All notable changes to this project are documented here. The format follows Keep a Changelog.

[0.6.1] — 2026-05-04

Bug Fixes

  • Fix CI and and :json_polyfill config on OTP 26.

[0.6.0] — 2026-05-04

Added

  • Text.Extract — twitter-text-quality URL and email extraction with full UTS #46 IDNA, IANA TLD validation, and UTR #39 single-script defence against homograph attacks. Public API is urls/2, emails/2, all/2, split/2, and autolink/2; options include :require_scheme, :tld_mode, :eai, :strict_idn, and :twitter_quirks.

  • Text.Extract.split/2 — splits text into an interleaved list of plain-string fragments and validated entity maps, byte-for-byte round-trippable to the original. The building block for custom rendering of extracted URLs/emails into anchors, mentions, badges, or link-preview cards.

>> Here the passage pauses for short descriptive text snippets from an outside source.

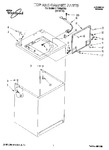 Diagram for 01 - Top And Cabinet, Lit/optional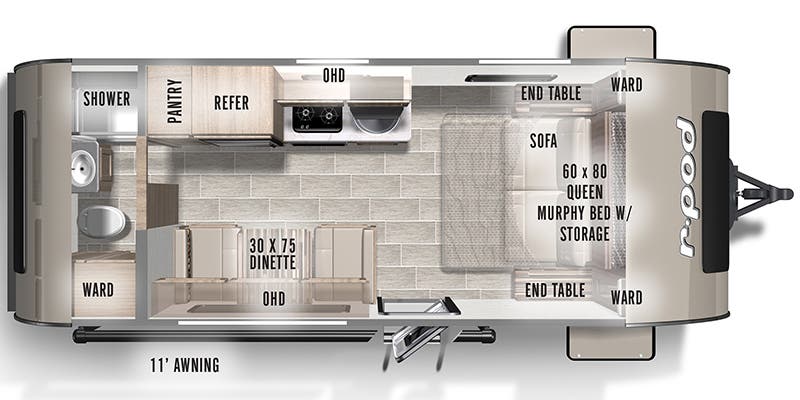Unit Floorplan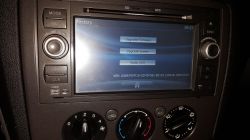 Radio 2Din For Fucus C-max - How to connect a reversing camera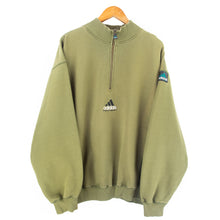 Load image into Gallery viewer, VINTAGE ADIDAS EQT 1/4 ZIP - XL
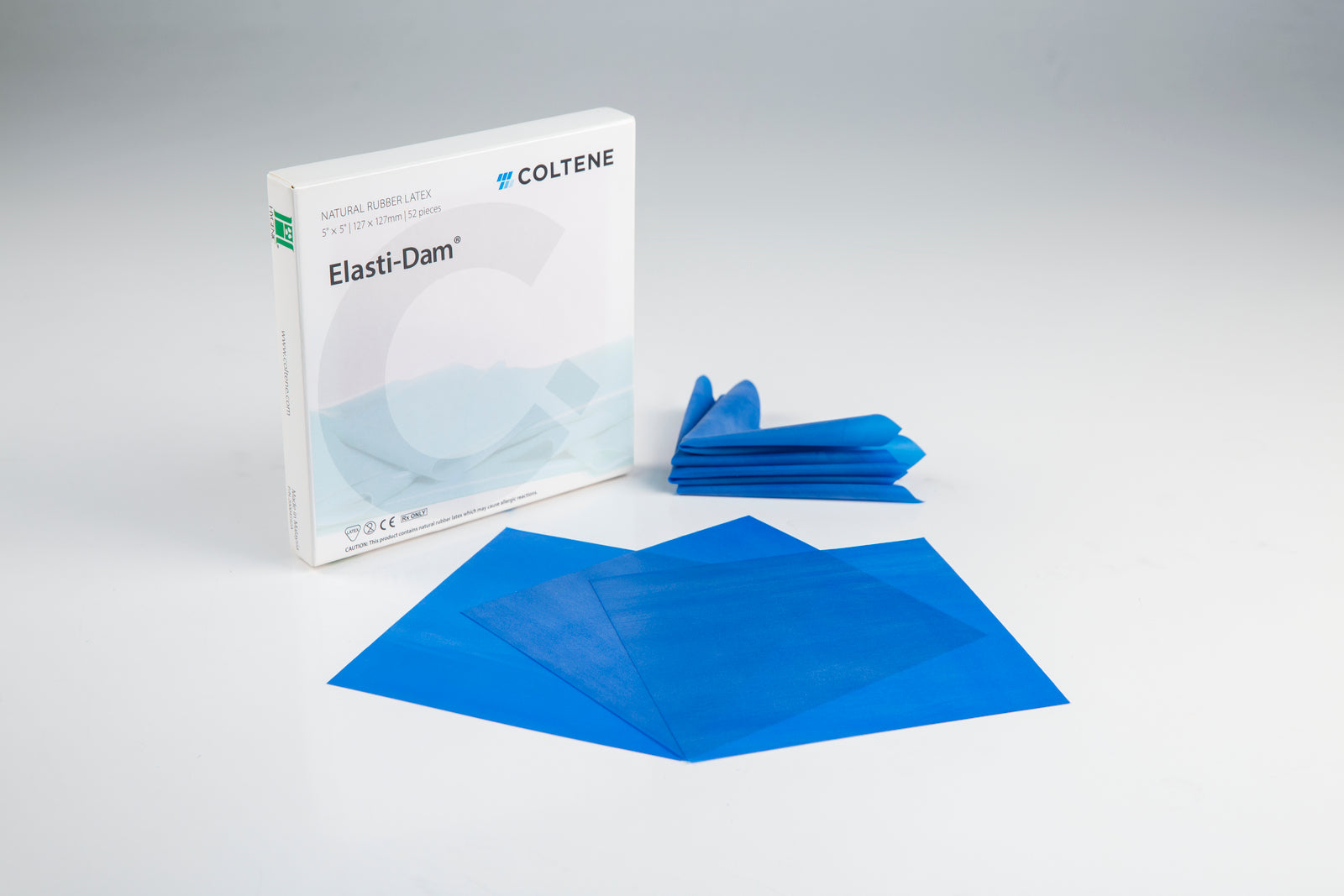 Elasti-Dam® – Medium, 6" x 6", 36/Pkg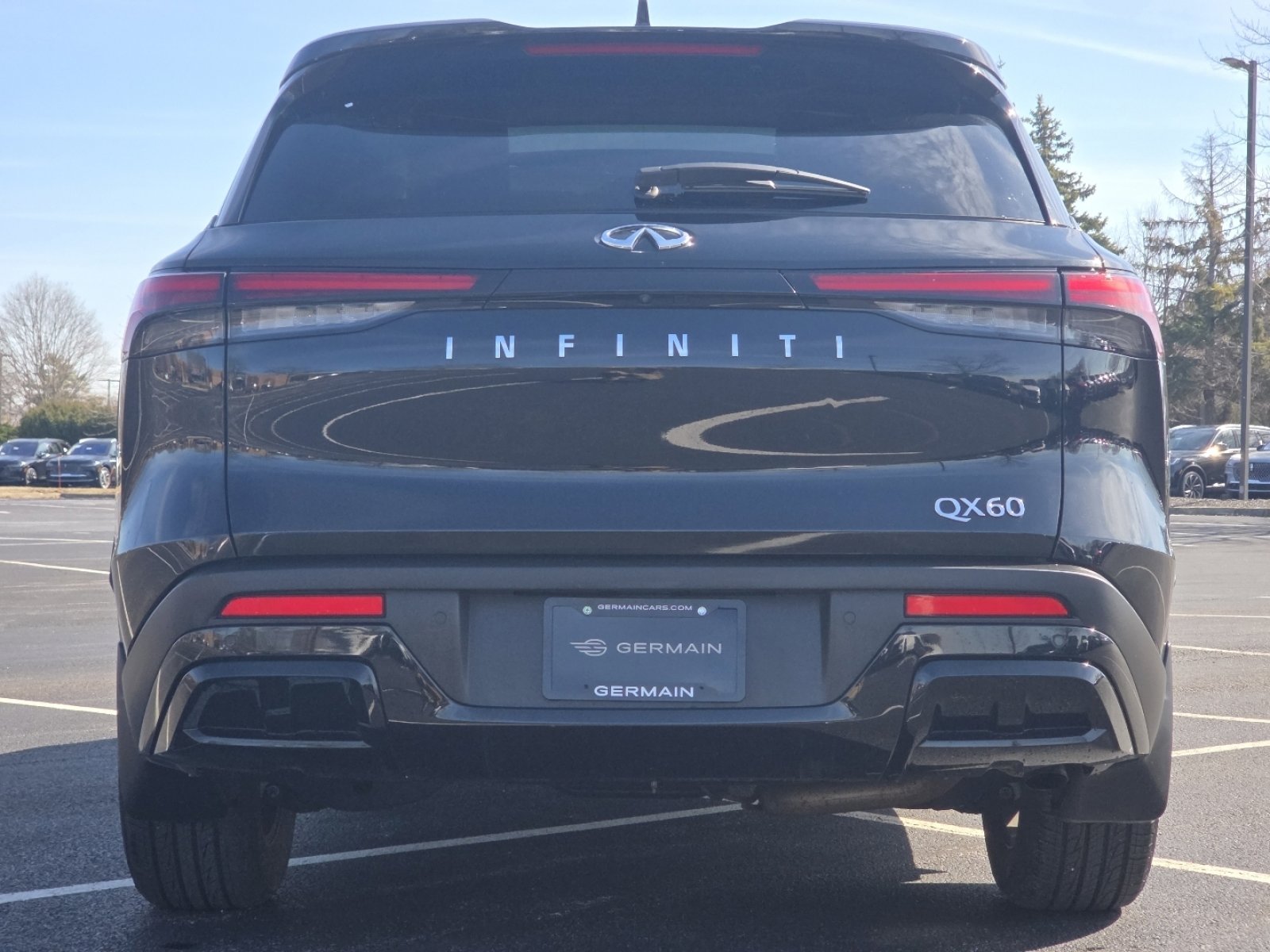 Used 2023 INFINITI QX60 Pure image 16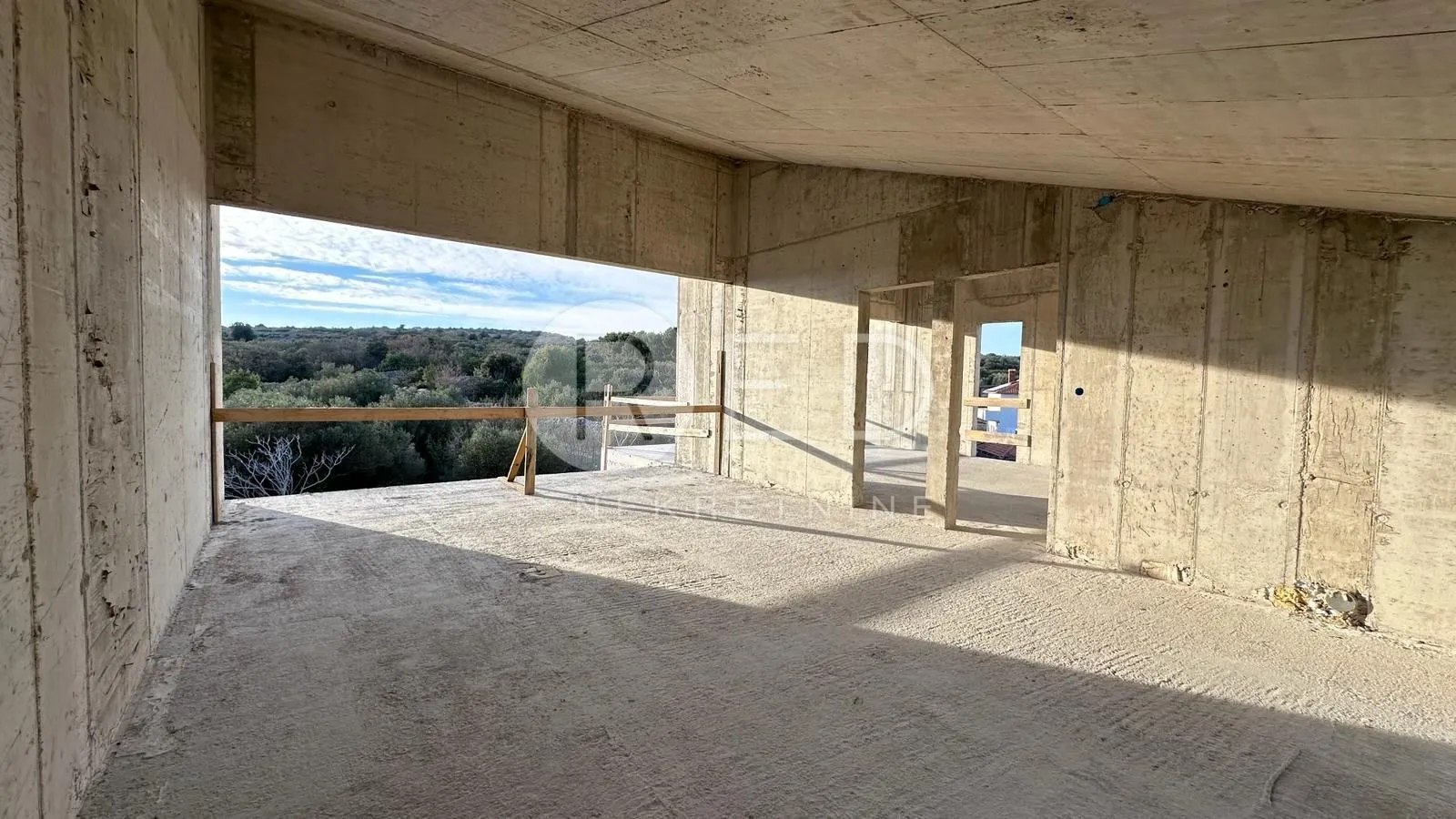 otok krk, krk - penthouse u izgradnji s pogledom na more, 130 m2 - slika 11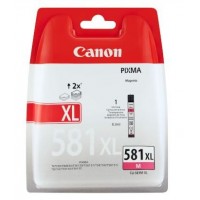 Canon 2050C001/CLI-581MXL Ink cartridge magenta high-capacity, 475 pages ISO/IEC 19752 225 Photos 8.3ml for Canon Pixma TS 6150/8150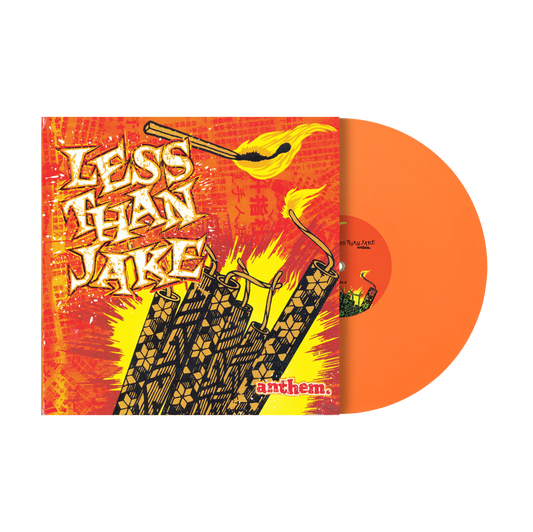 Less Than Jake "Anthem" LP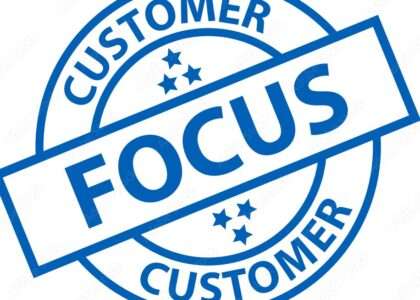 customer focus is one of our top priorities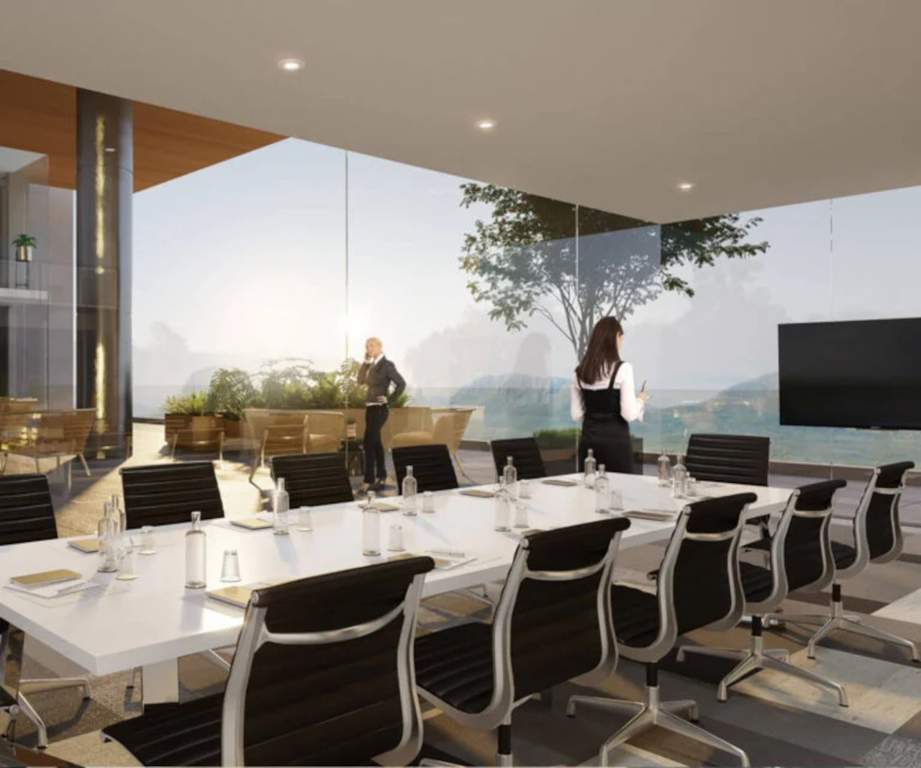  solitaire business hub baner i Conference Room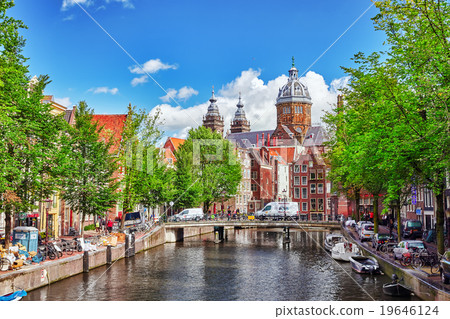 AMSTERDAM, NETHERLANDS- SEPTEMBER 15, 2015 AMSTERDAM, NETHERLANDS- SEPTEMBER 15, 2015 19646124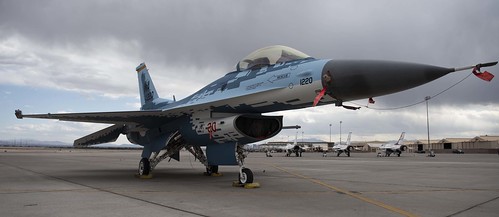 General Dynamics (its aviation unit now part of Lockheed Martin) F-16C Block 25C 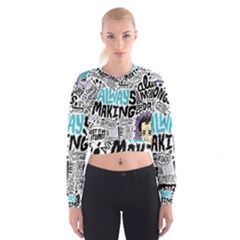 Cropped Sweatshirt 
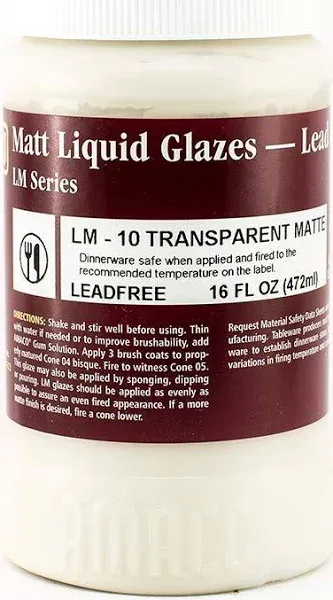 Amaco Lead-Free Matt Glaze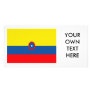 Columbia Flag Picture Card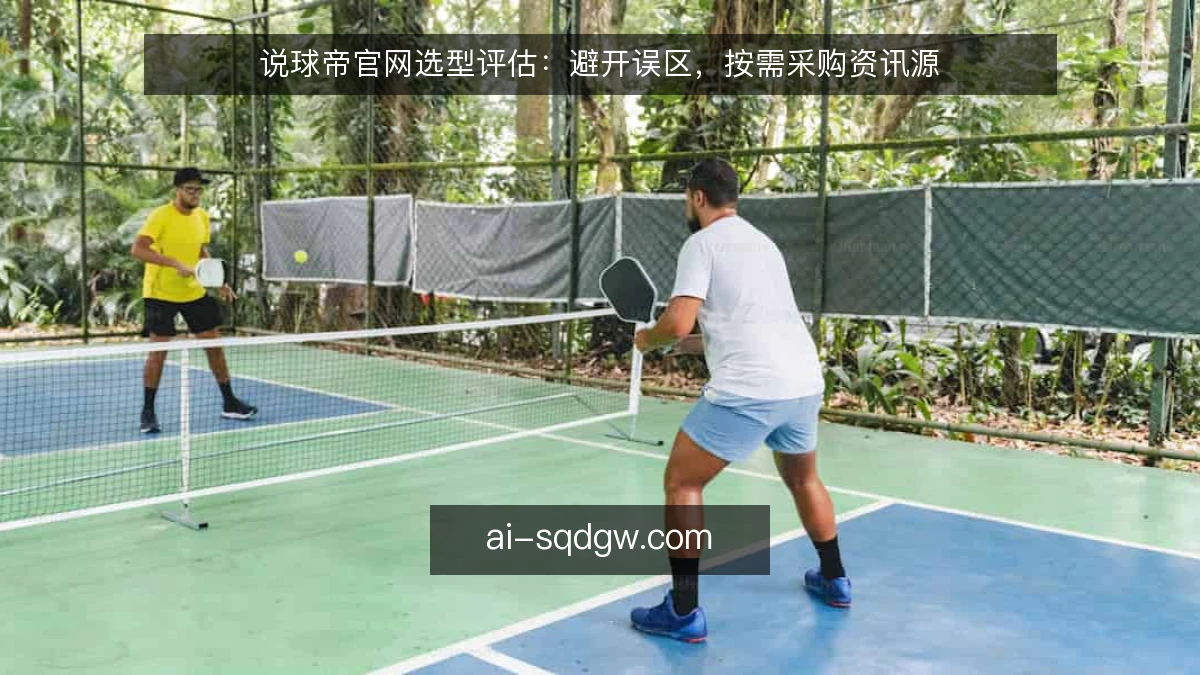 说球帝官网选型评估：避开误区，按需采购资讯源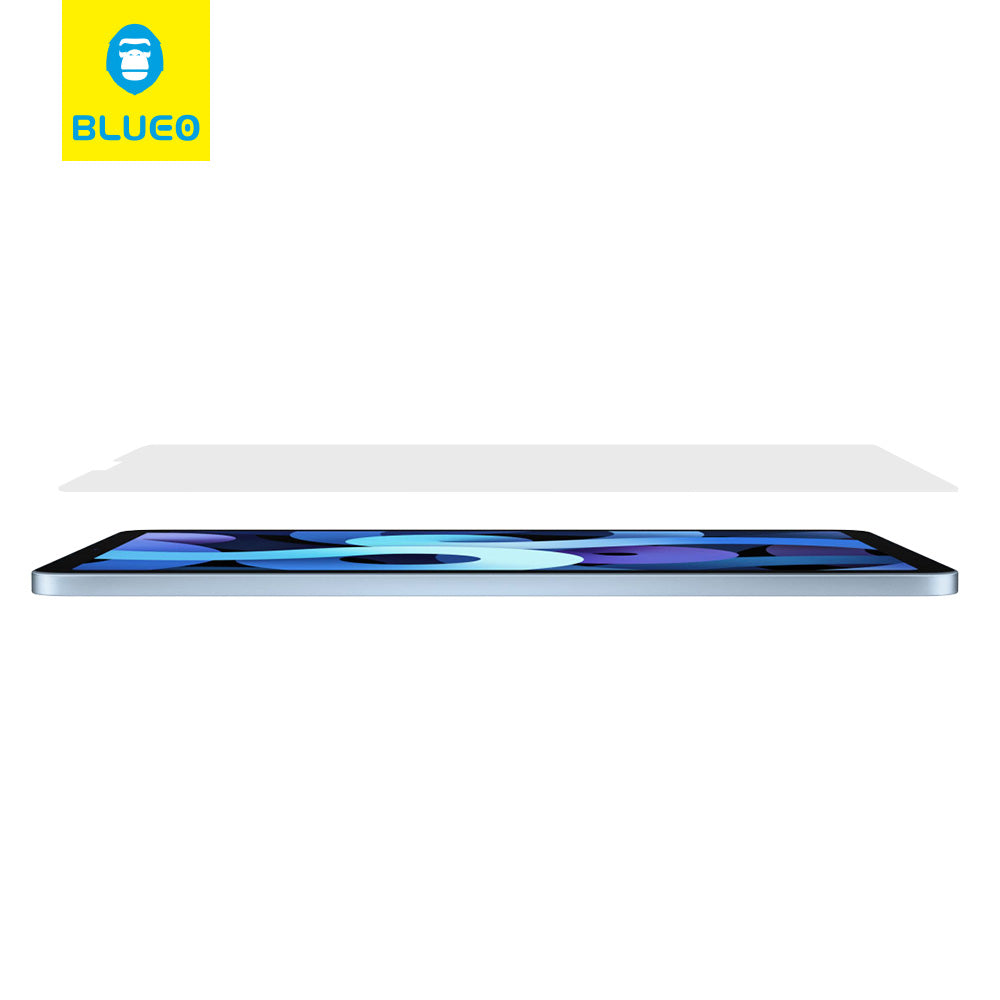 Ochranná fólie na displej Blueo HD pro Apple iPad Air (2022) / Pro 11 (2021) / Air (2020) / Pro 11 (2020), tvrzené sklo, plné lepidlo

  • Text.Extract.autolink/2 — wraps URLs and emails in HTML <a> anchors, returning Phoenix.HTML.safe() for drop-in Phoenix template use. Display text preserves the original Unicode (bücher.de); the href uses Punycode (xn--bcher-kva.de).

  • mix text.download_tlds — refreshes the bundled IANA TLD list at priv/extract/tlds.txt. --diff previews added/removed entries; --force overwrites unconditionally.

  • Text.WordCloud.to_d3_cloud/2 — adapts terms/2 output into the [%{text, size}, …] shape consumed by d3-cloud. Supports :linear (default) and :sqrt sizing; shares the :font_size_range vocabulary with Text.WordCloud.Layout.

[0.5.0] — 2026-05-02

Added

  • Text.Phonetic.NYSIIS — New York State Identification and Intelligence System phonetic encoding (Taft, 1970). Designed as a Soundex successor for English personal-name matching; produces pronounceable letter codes rather than digits and is more discriminating than Soundex on common name variations.

  • Text.Phonetic.Cologne — Kölner Phonetik (Postel, 1969), the German-language counterpart to Soundex. Optimized for German spelling variants — Müller / Mueller / Muller and Meyer / Mayer / Maier / Meier collapse to single codes.

  • Text.Phonetic.DoubleMetaphone — Lawrence Philips' Double Metaphone (2000), the de-facto standard for fuzzy English-name matching with non-Anglo origins. Returns a {primary, alternate} code pair so the same Anglicised name can match across multiple plausible pronunciations (e.g. SmithSchmidt, CatherineKatherine). Handles Germanic, Italian, Spanish, French, Greek, and Slavic patterns.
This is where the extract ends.